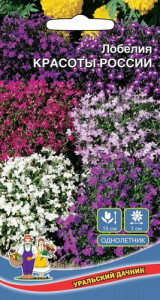 Лобелия Красоты России  купить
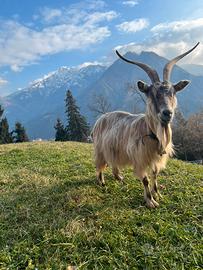 Capra orobica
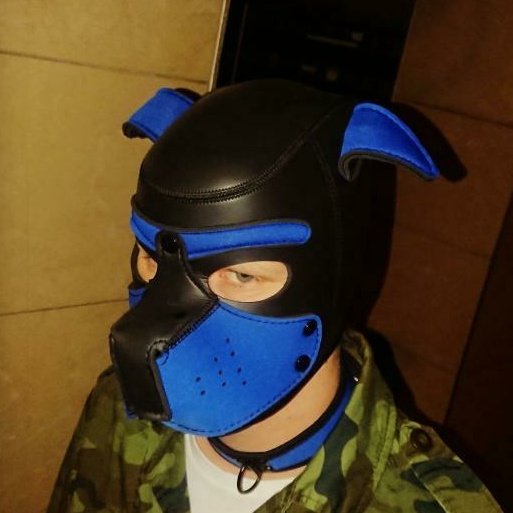 PupSnacki's tweet photo. Wraff wraff 🐾 🐶 https://t.co/WJtdmY9VIj
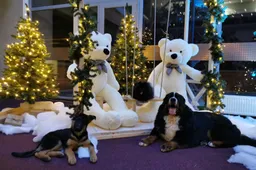 Kalėdos artėja, tegu nušvinta Alytus!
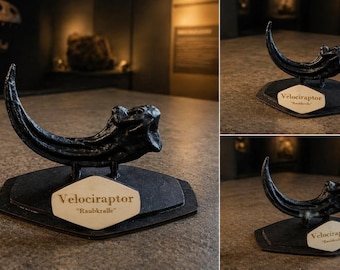 ヴェロキラプトルのレプリカの足の爪恐竜ラプトル恐竜の化石の足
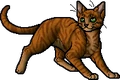 Buzzardstar.apprentice.png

★ ★ ★ ★

**Exercise directions:**
Copy all of the data above exactly. Leave out every picture.

**Reply to the exercise:**
 Лобелия Красоты России  купить
 Capra orobica
 PupSnacki's tweet photo. Wraff wraff 🐾 🐶 https://t.co/WJtdmY9VIj
 Kalėdos artėja, tegu nušvinta Alytus!
 ヴェロキラプトルのレプリカの足の爪恐竜ラプトル恐竜の化石の足
 Buzzardstar.apprentice.png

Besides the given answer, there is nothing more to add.